News / Providers raise concerns over revised marginal rate ​

07 March 2022 Steve Brown

Login to access this content

news_SSI theatre_portraitNHS England and NHS Improvement published changes to national tariff plans as part of a new consultation at the end of February. The original proposals included in December’s consultation said that a new aligned payment and incentive approach would be introduced from April. This involves a fixed payment to fund an agreed level of activity plus a variable element, primarily to pay for additional activity above the agreed baseline or to withdraw funds for shortfalls in activity.

The initial consultation suggested that trusts over-performing against agreed elective activity levels should receive 75% of national or unit prices for additional work. But trusts that underperformed against the baseline would have faced deductions at a rate of 50%.

The new consultation harmonises the marginal rate at 75% for both additional payments and deductions. The change aligns the rates with those proposed for commissioning bodies as part of the elective recovery funding proposals. It argues that 75% is an appropriate rate as analysis of patient-level cost data shows that, on average, 25% of elective activity costs are fixed, with the remaining 75% relating to staffing and purely variable costs.

However, NHS Providers chief executive Chris Hopson said there were often good reasons for trusts missing stretch targets and there was concern this change would leave them underfunded compared with their significant fixed cost base.

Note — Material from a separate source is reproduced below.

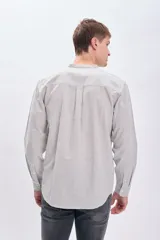 Camisa de manga larga con cuello mao y cierre frontal con botones. Diseño a rayas verticales en tonos blanco y marrón.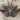 Close-up of oxidized silver butterfly pendant resting on textured fabric showing detailed craftsmanship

“Reasons beyond a trust’s control in 2022/23 could include the impact of current and future waves of Covid-19, pressures in urgent and emergency care, the impact of current workforce shortages, and pressures in social care, given their impact on bed capacity,’ he said. These factors were already constraining trusts with varying impact.

‘It’s right to set very stretching targets here,’ he said. ‘But it’s also vital that any financial regime is appropriately flexible and recognises the legitimate variation that may occur. Otherwise trusts risk being driven into financial problems that will affect their ability to deliver safe and effective care.’

He added that significant care backlogs also existed in mental health and community services, which also needed funded plans.

Draft guidance was also released in February setting out the mechanism for additional elective recovery funding for 2022/23. The planning guidance for the year requires systems to deliver over 10% more elective activity than before the pandemic. This is measured in terms of completed referral-to-treatment pathways.

However, the guidance said that this target would be met with delivery of 104% of value-based activity – measured as 104% of the 2019/20 activity valued at healthcare resource group and treatment function code level using the 2022/23 tariff.

The difference between the 104% and 110% targets is primarily because a planned increase in pre-referral advice and guidance means more pathways will be completed in primary care. This is expected to contribute about six percentage points towards the completed pathways target. However, the contribution towards the value-based activity target is expected to be less than one percentage point, as the value of these pathways is significantly lower than the value of an average pathway.

Commissioners have been given additional elective funding to enable them to deliver
the 104% value-based activity target across elective ordinary, day case, outpatient procedures and first and follow-up outpatient attendance activity.

This will be adjusted up or down by 75% of the tariff value if actual activity across the system is above or below this baseline value.

Any downwards adjustment will be by a maximum of 75% of the initial allocation from the £2.3bn national fund. This is known as the elective funding adjustment floor.

The elective recovery guidance underlines that providers will also earn or lose 75% of the difference in value for elective activity that differs from plan – with the consultation on the tariff specifically reissued to deliver alignment between the two sets of rules.

This means there is alignment between the way systems receive or lose elective recovery funding and how provider remuneration is adjusted to reflect activity differences.

Independent sector care will be treated differently, with additional activity paid at 100% of tariff rates both for activity directly commissioned by commissioners and activity subcontracted by NHS providers. This will depend on the system delivering over 104% of independent sector activity and 104% of elective activity overall. This will mean monitoring performance against baseline, through the secondary uses service data warehouse, broken down by provider activity, subcontracted activity and directly commissioned capacity.

Subcontracted activity is now being excluded from the aligned payment and incentive arrangements and will instead be subject to tariff prices. This addresses a concern, raised by the HFMA in its response to the original tariff consultation, that providers wanting to make extra use of the independent sector to make further progress with waiting lists would have faced being paid at 75% of tariff prices, but having to pay subcontractors 100% of the tariff.